Economic Causes of the Civil War

The common belief is that the Civil War was caused by moral indignation over the issue of slavery. While it is true that there was a concern over the oppression of human beings, it is only partially true that this caused the Civil War. A major cause of the war was economic in nature. Following are some factors that played a part in causing the Civil War.

 

  • In 1798, the Federalist-controlled Congress passed a series of laws called the Alien and Sedition Acts which, on the surface, were designed to control the activities of foreigners in the United States during a time when war was looming. Beneath the surface, however, the real intent of these laws was to destroy Jeffersonian Republicanism that promoted an agrarian or farming society. Ninety-two percent of the nation’s industrial resources were located in the North.

  • Concern for states’ rights and thoughts of secession were not exclusive to the South. As early as December 1814, a gathering of New England Federalists met in Hartford, Conn., to call for states’ rights. They drafted the Hartford Convention. The Constitutional amendments that were proposed reflected the delegates’ hostility toward the South and West, as the previous War of 1812 was very unpopular in commercial New England.

  • The Southern states had lost control of the House of Representatives because the population growth of these states was slower than the growth of the Northern states. The North had a population of 22 million. The South had a population of 9 million, of which 3.5 million were slaves. New territories in the North also gave an advantage to free states in the Senate.

  • Missouri asked to enter the Union as a slave state in 1819. A bitter debate arose that was not resolved until the following year when Maine requested entry as a free state. Senator Jesse B. Thomas offered an amendment that produced the Missouri Compromise.

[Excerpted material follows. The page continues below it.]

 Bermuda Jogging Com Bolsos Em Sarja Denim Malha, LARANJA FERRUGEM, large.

  • The Missouri Compromise is the result of a battle in Congress to have an equal number of slave and free states. It brought about a power struggle to get control of Congress.

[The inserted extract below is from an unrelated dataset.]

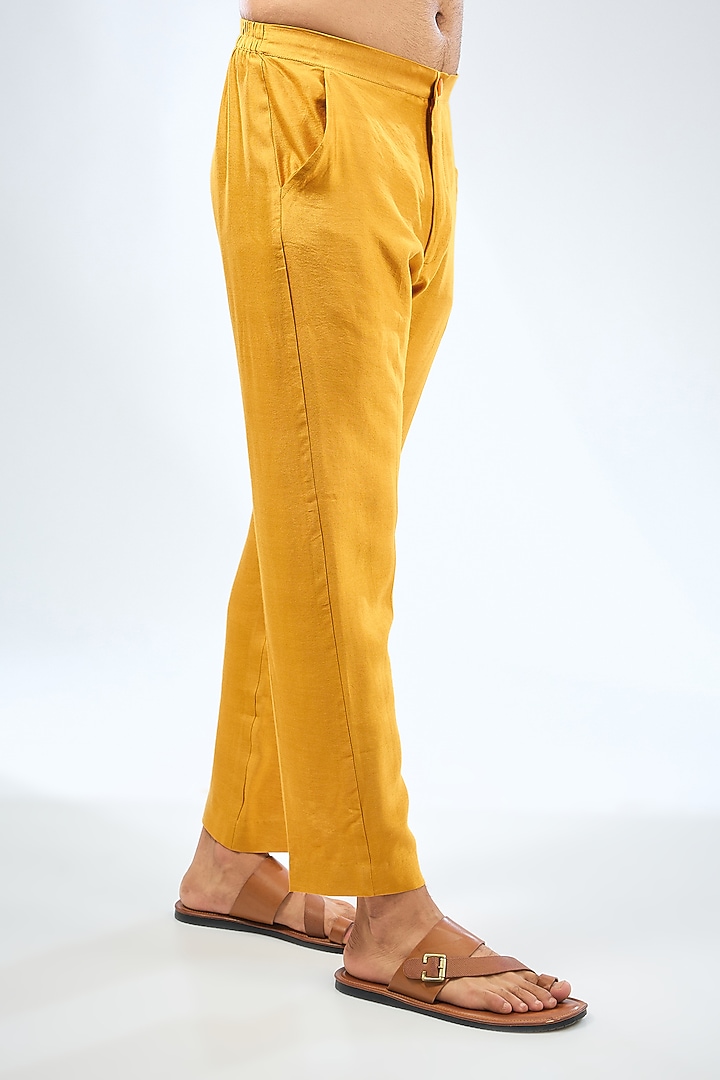 Yellow Zari Bandhani Kurta Set by Rabani & Rakha Men at Pernia's Pop Up Shop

  • Missouri was admitted as a slave state (1821) after Maine was admitted as a free state in 1820.

  • From the beginning of the Union, individual states had conflicts with the federal government. Generally these were economic or philosophical in nature, where either the North or the South thought that the federal government was giving preference to the other side. The Tariff of 1828 was an example of this.

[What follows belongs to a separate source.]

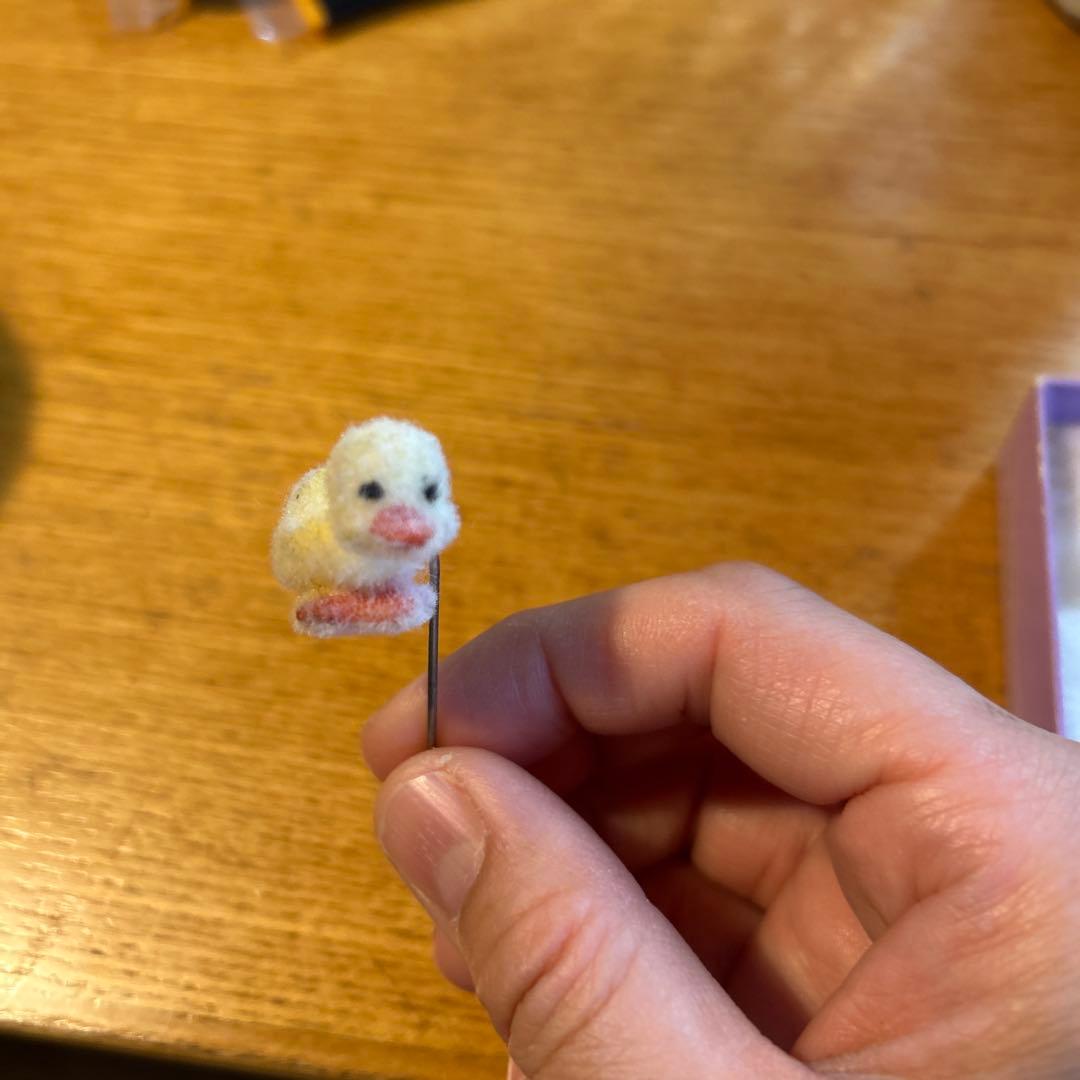 【お値下げ】激レアレトロ1970年代のディズニーランドみにくいアヒルの子ブローチ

  • The Northern states wanted Andrew Jackson to win the presidency in 1828 over the current president, John Quincy Adams. Democrats, including Southern Democrats, devised a scheme to discredit the Adams administration by drastically raising the tariff rates. The plan backfired and Congress passed the bill. The Tariff of 1828 was also called the “Tariff of Abomination” and was widely protested in the South.

  • The Kentucky and Virginia Resolutions attacked the Federalists’ interpretation of the Constitution, which extended the powers of the federal government over the states. The resolutions declared that the U.S. Constitution only established an agreement between the central government and the states, and that the federal government had no right to exercise powers not specifically delegated to it. Should the federal government assume such powers, its acts under them would be void. It was the right of the states to decide as to the constitutionality of such acts.

  • The South saw tariffs imposed by the national government on foreign imports not for general revenue purposes but to help domestic manufacturing industries located mainly in the North. At the same time, there were depressed cotton prices and a reduced demand for raw goods from the South.